こう聞くと、ODA(政府開発援助)や先進国からのボランティアで成り立っていると、つい想像してしまうのですが、このプロジェクトはヨンソに生まれ、都会で生活しながら大学を卒業し地元へとUターンしてきた、1人の青年のアイデアから始まったそう。
輸出で収益を得ること以外にも、村の若者たちにもたらすメリットは、決して小さくないことがわかります。
01.
収益の一部で
子どもたちの教育をサポート
Booomersの情報によると、ガーナ国内には経済的な理由から学校に通えない子どもたちが約50万人ほどいるそうです。授業料の支払いだけでなく、教科書や制服にかけるお金も苦しい、それが現実なのでしょう。
そこで、彼らはヨーロッパ、北米、オーストラリアに向けて、輸出したフレームの収益をガーナの教育設備へ投資したり、女性の社会進出を支援する活動に寄付してきました。

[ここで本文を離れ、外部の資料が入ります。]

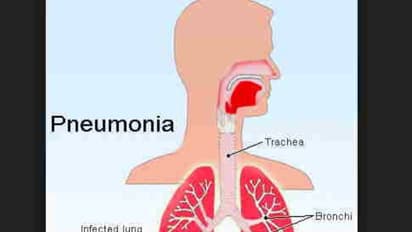 நுரையீரலில் இருக்கும் சளியை ஒரே நாளில் விரட்டும் தேன் உறை; பக்க விளைவு இல்லாதது...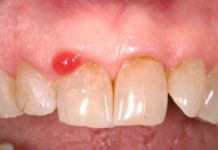 Epulidi gengivali in aree ad alta valenza estetica. Trattamento chirurgico mini-invasivo Epulidi gengivali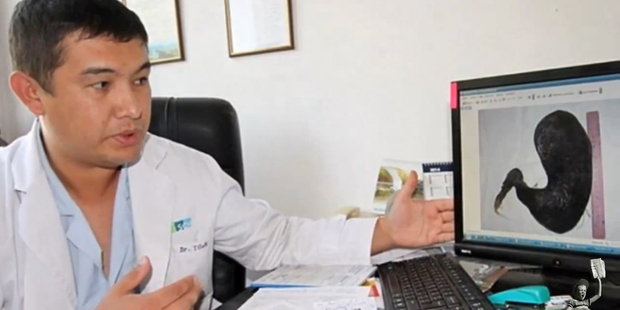 Bishkek Hospital's senior professor of surgery, Bahadir Bebezov examines the hair ball. Photo / YouTube Bishkek Hospital's senior professor of surgery, Bahadir Bebezov examines the hair ball. Photo / YouTube
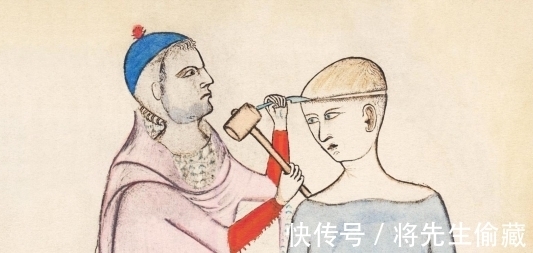 开颅手术&《山海经》中的“巫族”普遍存在于上古时期,史前文明真的存在?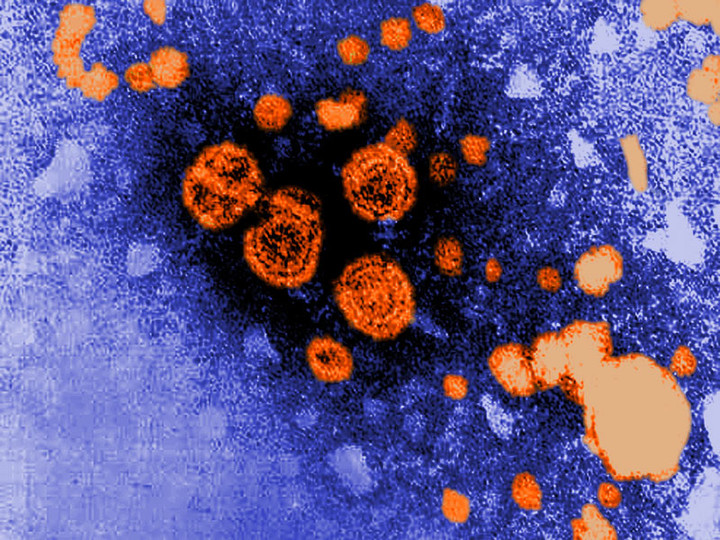 cdc_150302_hepatitis_b_800x600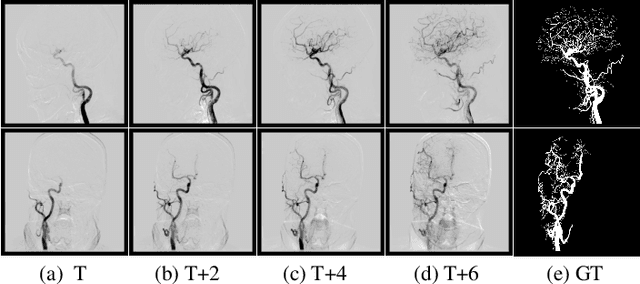 Figure 1 for TSI-Net: A Timing Sequence Image Segmentation Network for Intracranial Artery Segmentation in Digital Subtraction Angiography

このほか、通学距離が遠く学校に通うことが難しい子どもには、自転車を提供するなどしてサポート。これに賛同したUNICEFも、彼らのフレームを買い取ることで支援を続けているのだとか。
02.
働き口のない若者たちに
雇用のチャンスを与える
発展途上国における経済成長率だけを見れば、ガーナは確かに高水準ですが、一方で国内の貧富格差が顕著になるなどの問題も抱えています。いわゆるスラム街に暮らす人々は、満足に働き口を見つけることも難しい現実が目の前に。
こうした状況を変えていきたい。Booomersはスラムの若者たちへの雇用を生み出すことにも積極的。現在、訓練を受けた約50名の若者たちが、フレーム製作に励んでいます。

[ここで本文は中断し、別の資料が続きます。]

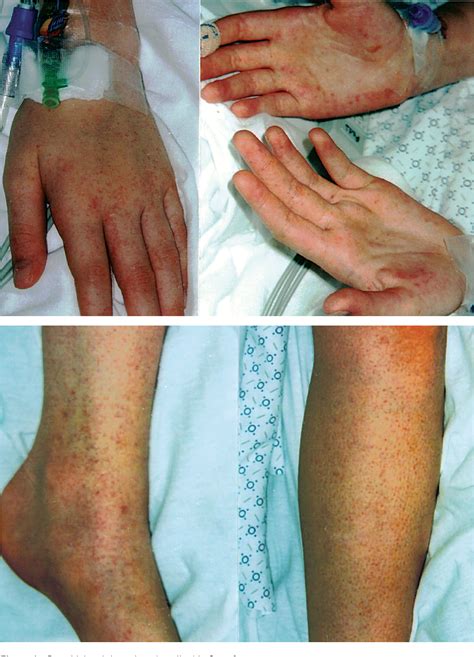 parvovirus b19 arthritis in adults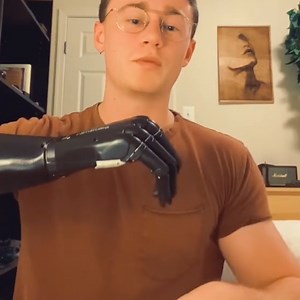 5.3M views · 5.1K reactions | This guy shows us what life is really like living with a bionic hand  | UNILAD Tech | Facebook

これだけではありません。竹の栽培から伐採にいたるまで、就職先に苦しんでいた多くの若者たちが、竹製フレームを通して、働く機会を手にできているとのこと。
03.
増えすぎた竹の有効活用にも
人と情報の交流が活発化し、現在では自然の森の生態系に見倣って、樹木の間で農作物や家畜を育てる「アグロフォレストリー」が、ガーナ国内に広く普及しました。現在、ヨンソだけでも200人以上の農場経営者がこれを実践しているそうです。
そこでよく植えられているのが竹。ところが、一部の農園では成長の早さが災いして、逆に増えすぎてしまっているとの声もあるようです。
Booomersが目をつけたのは、こうした余剰分の竹。使用目的のないまま伐採された素材を有効活用するためのアイデアでもあったのです。
地域へと還元される
循環型システムに共感
上の写真は、ユーザーのドイツ人カップルが竹製フレームの自転車で、ドイツから中国まで走破したときのもの。こうした各国ユーザーたちからの生の声が、改良に活かされ、ひいてはヨンソの若者たちに還元されています。
途上国から先進国へ、そして最後は地域コミュニティへ。
地域を支えるための事業がワークすることで、コミュニティ全体が潤う、こうした循環型システムに、異国の消費者たちも心が動かされているのかもしれませんね。